Na endometriose, porém, células semelhantes ao endométrio passam a se desenvolver fora do útero, podendo atingir estruturas da cavidade pélvica e abdominal, como ovários, trompas, intestinos e bexiga.
“Mesmo fora do útero, esse tecido continua respondendo aos hormônios femininos. Assim, ele também se espessa e sangra a cada ciclo, provocando inflamação, formação de aderências entre órgãos e, muitas vezes, dor pélvica crônica”, afirma o especialista.
Com a progressão da doença, a inflamação persistente e as aderências podem comprometer o funcionamento dos órgãos atingidos e trazer complicações, entre elas dificuldades para engravidar.
Sintomas que merecem atenção
A endometriose pode se manifestar de diferentes formas, dependendo da região do corpo afetada. Em muitos casos, os sintomas se intensificam durante o período menstrual.
Segundo o Dr. Alexandre Rossi, alguns sinais merecem atenção especial e devem ser relatados ao ginecologista, entre eles:
• dor menstrual intensa• dor em forma de cãibra, choque ou queimação que pode irradiar para glúteos ou pernas• sensação de forte vontade de evacuar ou urinar mesmo sem conteúdo no reto ou na bexiga• sensação de perda urinária iminente• dor ou dificuldade para evacuar• incontinência urinária ou anal• dificuldade para se locomover durante o período menstrual
“Esses sintomas podem indicar que a doença está atingindo estruturas mais profundas, inclusive nervos, o que exige investigação adequada”, orienta o médico.
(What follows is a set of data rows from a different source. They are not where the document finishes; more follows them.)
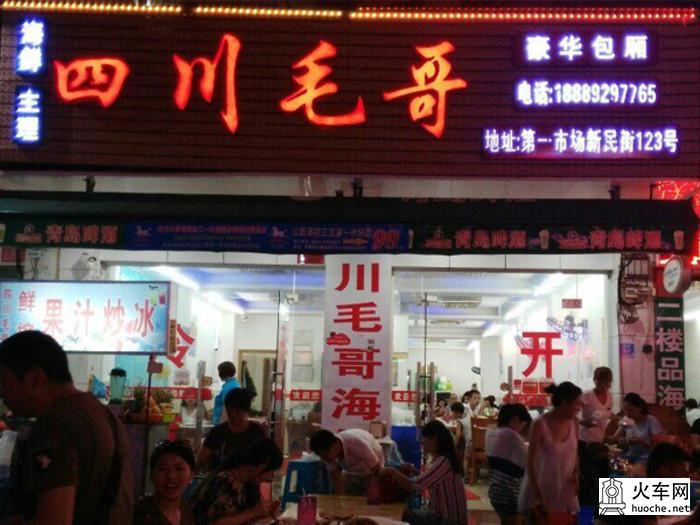 两个姑娘的三亚之旅43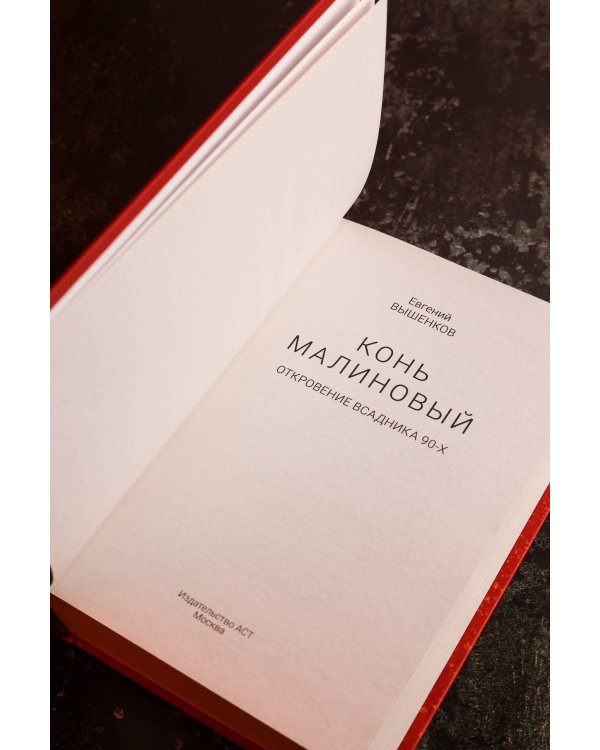 Конь малиновый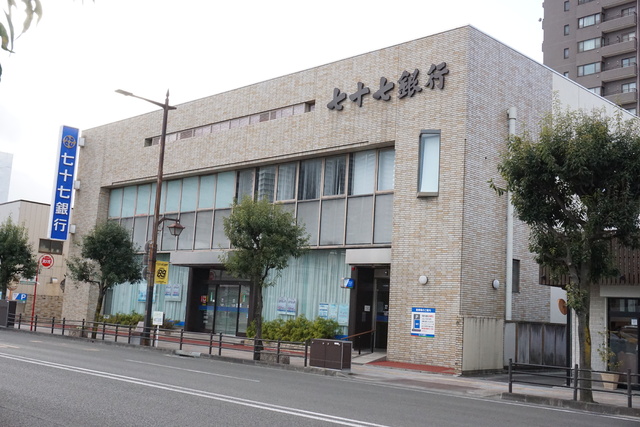 銀行　七十七銀行長町支店（銀行）まで500m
Após a avaliação clínica, exames como ultrassonografia transvaginal especializada e ressonância magnética podem ser solicitados para confirmar o diagnóstico e avaliar a extensão da doença.
Tratamento e qualidade de vida
Uma vez confirmado o diagnóstico, o tratamento será individualizado, levando em consideração a localização da endometriose, a intensidade dos sintomas e as condições gerais de saúde da paciente.
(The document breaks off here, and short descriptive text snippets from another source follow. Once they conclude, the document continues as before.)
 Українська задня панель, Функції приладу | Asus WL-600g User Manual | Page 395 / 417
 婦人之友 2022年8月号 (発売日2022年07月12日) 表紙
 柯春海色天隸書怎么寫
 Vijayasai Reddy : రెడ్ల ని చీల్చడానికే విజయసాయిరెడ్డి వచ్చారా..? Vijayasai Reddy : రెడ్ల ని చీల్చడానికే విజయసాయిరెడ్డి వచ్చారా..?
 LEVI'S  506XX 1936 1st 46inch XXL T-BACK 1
Na maioria das situações, a abordagem inicial é clínica, com medicamentos que ajudam a controlar a atividade hormonal da doença e aliviar os sintomas, proporcionando melhora significativa da qualidade de vida.
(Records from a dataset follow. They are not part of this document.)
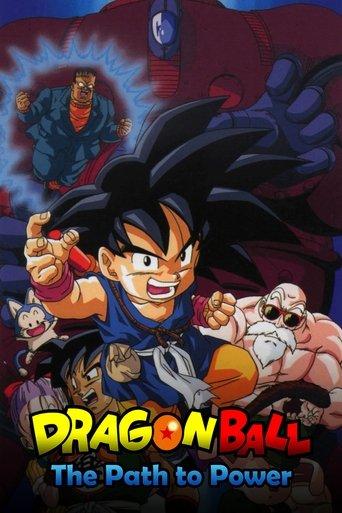 Dragon Ball: The Path to Power film afişi
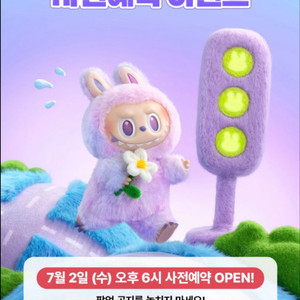 라부부 예약구매 10월 달에 출고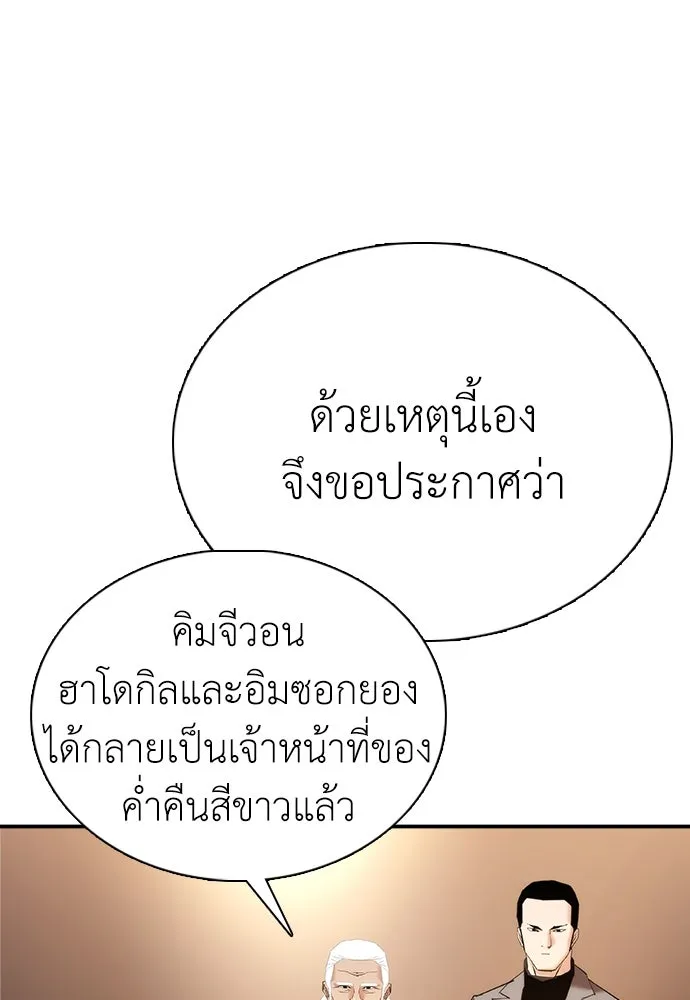 สุภาพบุรุษสูทดำ ตอนที่ 10 รูปที่ 191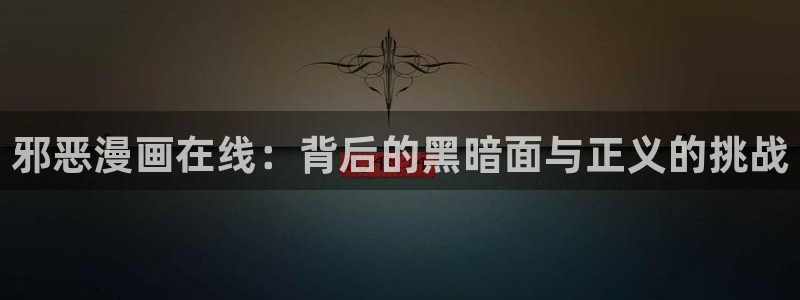 www.韩漫漫画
“Em alguns casos, o tratamento cirúrgico pode ser indicado. Quando isso acontece, avaliamos cuidadosamente a melhor técnica para remover as lesões, preservando nervos e órgãos envolvidos”, explica o especialista.
Para o Dr. Alexandre Rossi, campanhas como o Março Amarelo são fundamentais para reduzir o tempo entre os primeiros sintomas e o diagnóstico.
“A dor menstrual incapacitante não deve ser considerada normal. Quanto mais cedo a endometriose for identificada, maiores são as chances de controlar a doença e preservar a qualidade de vida da mulher”, conclui.